The data section start

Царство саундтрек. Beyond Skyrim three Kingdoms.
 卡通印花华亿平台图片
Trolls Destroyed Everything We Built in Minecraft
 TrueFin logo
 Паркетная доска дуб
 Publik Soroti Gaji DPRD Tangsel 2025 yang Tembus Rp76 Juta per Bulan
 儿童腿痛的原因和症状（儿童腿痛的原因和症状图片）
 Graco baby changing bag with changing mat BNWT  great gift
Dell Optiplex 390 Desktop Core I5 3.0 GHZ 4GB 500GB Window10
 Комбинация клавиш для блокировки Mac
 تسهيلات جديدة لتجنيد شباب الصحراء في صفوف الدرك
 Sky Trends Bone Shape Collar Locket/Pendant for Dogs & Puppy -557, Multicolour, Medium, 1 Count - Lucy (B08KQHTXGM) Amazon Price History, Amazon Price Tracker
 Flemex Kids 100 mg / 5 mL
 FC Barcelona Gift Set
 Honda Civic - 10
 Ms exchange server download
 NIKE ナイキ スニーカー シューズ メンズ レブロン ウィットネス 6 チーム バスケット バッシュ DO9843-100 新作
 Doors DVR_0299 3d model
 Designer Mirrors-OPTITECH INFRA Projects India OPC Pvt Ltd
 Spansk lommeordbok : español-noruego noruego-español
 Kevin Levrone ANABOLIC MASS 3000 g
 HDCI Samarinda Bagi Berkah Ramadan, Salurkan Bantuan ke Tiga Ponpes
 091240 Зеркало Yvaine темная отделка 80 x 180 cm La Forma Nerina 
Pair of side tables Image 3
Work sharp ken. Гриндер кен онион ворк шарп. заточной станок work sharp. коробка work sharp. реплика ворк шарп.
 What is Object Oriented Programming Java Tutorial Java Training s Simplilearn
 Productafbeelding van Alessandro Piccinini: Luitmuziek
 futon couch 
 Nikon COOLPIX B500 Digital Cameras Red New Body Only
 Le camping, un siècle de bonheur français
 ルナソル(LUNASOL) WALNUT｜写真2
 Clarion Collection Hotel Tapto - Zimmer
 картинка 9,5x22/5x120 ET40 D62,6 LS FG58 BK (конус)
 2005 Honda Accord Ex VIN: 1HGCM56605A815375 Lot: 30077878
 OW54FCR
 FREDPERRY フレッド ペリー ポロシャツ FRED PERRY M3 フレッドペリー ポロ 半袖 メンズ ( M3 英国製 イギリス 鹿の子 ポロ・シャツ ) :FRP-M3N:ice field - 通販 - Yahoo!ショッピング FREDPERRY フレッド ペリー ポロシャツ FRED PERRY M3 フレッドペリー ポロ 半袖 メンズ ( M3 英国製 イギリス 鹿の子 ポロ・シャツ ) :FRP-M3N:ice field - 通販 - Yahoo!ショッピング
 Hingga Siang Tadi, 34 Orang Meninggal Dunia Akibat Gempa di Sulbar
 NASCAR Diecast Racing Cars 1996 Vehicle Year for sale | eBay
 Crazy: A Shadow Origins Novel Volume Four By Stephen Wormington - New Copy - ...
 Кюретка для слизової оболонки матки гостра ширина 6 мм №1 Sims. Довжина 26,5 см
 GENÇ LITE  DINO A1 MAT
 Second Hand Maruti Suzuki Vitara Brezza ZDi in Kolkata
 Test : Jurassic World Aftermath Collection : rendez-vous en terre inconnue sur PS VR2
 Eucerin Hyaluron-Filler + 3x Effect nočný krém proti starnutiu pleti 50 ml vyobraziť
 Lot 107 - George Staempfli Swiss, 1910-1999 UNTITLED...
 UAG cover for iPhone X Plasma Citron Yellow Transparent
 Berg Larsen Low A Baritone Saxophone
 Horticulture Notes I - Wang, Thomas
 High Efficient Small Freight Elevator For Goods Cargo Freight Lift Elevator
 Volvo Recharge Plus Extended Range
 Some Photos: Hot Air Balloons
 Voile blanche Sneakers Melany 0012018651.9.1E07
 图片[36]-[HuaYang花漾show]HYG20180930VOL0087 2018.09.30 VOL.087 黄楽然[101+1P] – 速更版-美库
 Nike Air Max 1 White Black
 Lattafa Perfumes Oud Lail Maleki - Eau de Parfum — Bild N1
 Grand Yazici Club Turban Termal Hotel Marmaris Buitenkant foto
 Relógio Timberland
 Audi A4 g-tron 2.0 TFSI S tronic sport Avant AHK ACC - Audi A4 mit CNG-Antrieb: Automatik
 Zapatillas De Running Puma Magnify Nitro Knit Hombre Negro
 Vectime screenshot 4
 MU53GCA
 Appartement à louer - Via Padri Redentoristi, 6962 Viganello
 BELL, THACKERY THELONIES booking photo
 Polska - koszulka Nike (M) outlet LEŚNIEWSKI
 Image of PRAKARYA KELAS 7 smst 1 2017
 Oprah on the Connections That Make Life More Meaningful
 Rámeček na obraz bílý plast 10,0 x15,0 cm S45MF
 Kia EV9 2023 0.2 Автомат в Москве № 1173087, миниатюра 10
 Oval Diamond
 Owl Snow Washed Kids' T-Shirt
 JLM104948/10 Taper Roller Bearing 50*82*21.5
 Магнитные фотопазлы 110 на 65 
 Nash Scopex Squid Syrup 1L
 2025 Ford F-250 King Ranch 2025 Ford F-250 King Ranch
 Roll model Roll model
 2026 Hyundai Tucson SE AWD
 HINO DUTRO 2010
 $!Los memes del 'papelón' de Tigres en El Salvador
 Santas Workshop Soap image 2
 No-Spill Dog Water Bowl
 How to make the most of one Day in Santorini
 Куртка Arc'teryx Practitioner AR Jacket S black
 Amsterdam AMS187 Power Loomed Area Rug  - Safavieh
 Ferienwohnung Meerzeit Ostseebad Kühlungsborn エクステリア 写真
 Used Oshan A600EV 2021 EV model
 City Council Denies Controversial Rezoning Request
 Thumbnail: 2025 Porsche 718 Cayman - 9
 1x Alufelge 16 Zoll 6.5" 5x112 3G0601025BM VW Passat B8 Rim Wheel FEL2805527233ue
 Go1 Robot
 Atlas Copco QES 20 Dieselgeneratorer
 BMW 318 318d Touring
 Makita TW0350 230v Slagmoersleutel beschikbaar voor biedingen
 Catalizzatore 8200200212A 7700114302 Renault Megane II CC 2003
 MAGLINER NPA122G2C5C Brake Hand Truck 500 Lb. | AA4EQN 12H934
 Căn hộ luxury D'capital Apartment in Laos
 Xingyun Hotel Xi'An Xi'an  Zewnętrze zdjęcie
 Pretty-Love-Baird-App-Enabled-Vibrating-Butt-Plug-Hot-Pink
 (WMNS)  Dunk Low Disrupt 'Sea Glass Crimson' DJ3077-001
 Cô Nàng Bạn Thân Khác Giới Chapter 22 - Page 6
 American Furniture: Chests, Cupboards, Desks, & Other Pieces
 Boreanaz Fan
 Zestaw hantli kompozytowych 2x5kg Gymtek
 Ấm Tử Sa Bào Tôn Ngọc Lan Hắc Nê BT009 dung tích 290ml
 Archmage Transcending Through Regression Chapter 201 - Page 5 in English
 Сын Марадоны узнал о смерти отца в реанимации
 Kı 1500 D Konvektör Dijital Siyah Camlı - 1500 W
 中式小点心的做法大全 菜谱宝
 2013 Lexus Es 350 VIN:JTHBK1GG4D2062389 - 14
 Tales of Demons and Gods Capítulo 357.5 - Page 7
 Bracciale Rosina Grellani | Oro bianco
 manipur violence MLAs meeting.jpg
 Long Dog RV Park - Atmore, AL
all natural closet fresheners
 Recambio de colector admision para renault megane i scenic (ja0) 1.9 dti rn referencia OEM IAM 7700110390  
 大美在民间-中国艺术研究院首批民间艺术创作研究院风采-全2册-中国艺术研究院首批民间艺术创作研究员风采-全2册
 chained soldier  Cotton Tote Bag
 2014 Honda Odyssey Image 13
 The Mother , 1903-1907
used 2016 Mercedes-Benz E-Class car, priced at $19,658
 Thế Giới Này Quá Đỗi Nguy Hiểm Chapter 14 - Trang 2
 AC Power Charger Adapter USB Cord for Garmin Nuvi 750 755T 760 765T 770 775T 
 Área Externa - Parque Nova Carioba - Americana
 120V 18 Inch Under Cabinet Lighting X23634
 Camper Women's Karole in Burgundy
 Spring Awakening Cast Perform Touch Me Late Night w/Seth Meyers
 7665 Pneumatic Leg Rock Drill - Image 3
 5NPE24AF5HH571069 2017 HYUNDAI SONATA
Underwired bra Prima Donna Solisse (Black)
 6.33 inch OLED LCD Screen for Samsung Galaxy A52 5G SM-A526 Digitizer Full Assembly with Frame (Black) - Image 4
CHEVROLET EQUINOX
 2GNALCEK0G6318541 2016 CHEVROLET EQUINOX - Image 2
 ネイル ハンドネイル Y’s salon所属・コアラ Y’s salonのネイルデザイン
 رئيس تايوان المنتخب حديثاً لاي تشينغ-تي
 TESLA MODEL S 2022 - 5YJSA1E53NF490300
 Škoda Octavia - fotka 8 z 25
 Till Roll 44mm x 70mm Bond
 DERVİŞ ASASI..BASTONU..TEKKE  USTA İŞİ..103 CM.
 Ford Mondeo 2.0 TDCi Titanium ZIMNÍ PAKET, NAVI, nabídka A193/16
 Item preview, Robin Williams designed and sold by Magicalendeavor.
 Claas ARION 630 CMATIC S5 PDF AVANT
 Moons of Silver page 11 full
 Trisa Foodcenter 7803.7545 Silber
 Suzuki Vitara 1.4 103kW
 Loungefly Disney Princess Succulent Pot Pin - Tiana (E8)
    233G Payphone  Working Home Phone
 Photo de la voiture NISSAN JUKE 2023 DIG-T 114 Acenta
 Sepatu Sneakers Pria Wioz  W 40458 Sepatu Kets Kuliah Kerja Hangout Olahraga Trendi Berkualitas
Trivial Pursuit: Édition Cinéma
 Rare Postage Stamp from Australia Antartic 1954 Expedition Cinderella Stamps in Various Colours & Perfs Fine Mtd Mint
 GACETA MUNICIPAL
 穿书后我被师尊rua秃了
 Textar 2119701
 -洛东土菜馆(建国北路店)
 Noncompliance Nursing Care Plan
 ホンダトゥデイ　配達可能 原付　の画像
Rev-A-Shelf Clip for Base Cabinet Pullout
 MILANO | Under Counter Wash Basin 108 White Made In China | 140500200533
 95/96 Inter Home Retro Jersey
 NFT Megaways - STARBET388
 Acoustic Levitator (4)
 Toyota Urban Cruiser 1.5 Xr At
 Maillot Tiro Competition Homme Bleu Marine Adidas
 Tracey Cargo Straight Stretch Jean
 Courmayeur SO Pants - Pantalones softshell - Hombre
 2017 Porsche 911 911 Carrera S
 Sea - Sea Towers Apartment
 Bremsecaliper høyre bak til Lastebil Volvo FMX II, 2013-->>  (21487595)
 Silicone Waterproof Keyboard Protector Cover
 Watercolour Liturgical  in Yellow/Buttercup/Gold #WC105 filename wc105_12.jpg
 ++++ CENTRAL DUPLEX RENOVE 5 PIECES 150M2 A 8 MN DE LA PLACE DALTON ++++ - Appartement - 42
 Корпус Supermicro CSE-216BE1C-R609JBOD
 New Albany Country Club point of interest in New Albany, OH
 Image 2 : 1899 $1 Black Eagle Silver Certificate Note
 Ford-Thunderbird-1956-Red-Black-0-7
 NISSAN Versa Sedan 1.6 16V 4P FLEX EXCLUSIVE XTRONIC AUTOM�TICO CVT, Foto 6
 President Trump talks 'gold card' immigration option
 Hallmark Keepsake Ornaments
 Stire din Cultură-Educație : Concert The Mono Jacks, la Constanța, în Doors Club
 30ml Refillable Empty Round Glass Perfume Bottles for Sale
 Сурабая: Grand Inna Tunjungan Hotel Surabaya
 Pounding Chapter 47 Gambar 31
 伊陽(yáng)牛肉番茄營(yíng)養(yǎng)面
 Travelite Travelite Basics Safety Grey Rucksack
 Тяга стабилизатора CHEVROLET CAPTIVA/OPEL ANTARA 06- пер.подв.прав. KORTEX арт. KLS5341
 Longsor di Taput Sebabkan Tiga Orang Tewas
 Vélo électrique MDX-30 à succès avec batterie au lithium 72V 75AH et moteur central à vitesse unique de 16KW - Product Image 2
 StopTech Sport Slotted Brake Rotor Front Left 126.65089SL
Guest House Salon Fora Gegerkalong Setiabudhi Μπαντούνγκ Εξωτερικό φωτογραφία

The data section end

» **What is expected**: Among the records above, a stretch begins at the line containing "091240 Зеркало Yvaine" and ends at the line containing "Hingga Siang Tadi, 34". Restate that stretch word for word, and nothing else.

» **Result for this task**:
 091240 Зеркало Yvaine темная отделка 80 x 180 cm La Forma Nerina 
Pair of side tables Image 3
Work sharp ken. Гриндер кен онион ворк шарп. заточной станок work sharp. коробка work sharp. реплика ворк шарп.
 What is Object Oriented Programming Java Tutorial Java Training s Simplilearn
 Productafbeelding van Alessandro Piccinini: Luitmuziek
 futon couch 
 Nikon COOLPIX B500 Digital Cameras Red New Body Only
 Le camping, un siècle de bonheur français
 ルナソル(LUNASOL) WALNUT｜写真2
 Clarion Collection Hotel Tapto - Zimmer
 картинка 9,5x22/5x120 ET40 D62,6 LS FG58 BK (конус)
 2005 Honda Accord Ex VIN: 1HGCM56605A815375 Lot: 30077878
 OW54FCR
 FREDPERRY フレッド ペリー ポロシャツ FRED PERRY M3 フレッドペリー ポロ 半袖 メンズ ( M3 英国製 イギリス 鹿の子 ポロ・シャツ ) :FRP-M3N:ice field - 通販 - Yahoo!ショッピング FREDPERRY フレッド ペリー ポロシャツ FRED PERRY M3 フレッドペリー ポロ 半袖 メンズ ( M3 英国製 イギリス 鹿の子 ポロ・シャツ ) :FRP-M3N:ice field - 通販 - Yahoo!ショッピング
 Hingga Siang Tadi, 34 Orang Meninggal Dunia Akibat Gempa di Sulbar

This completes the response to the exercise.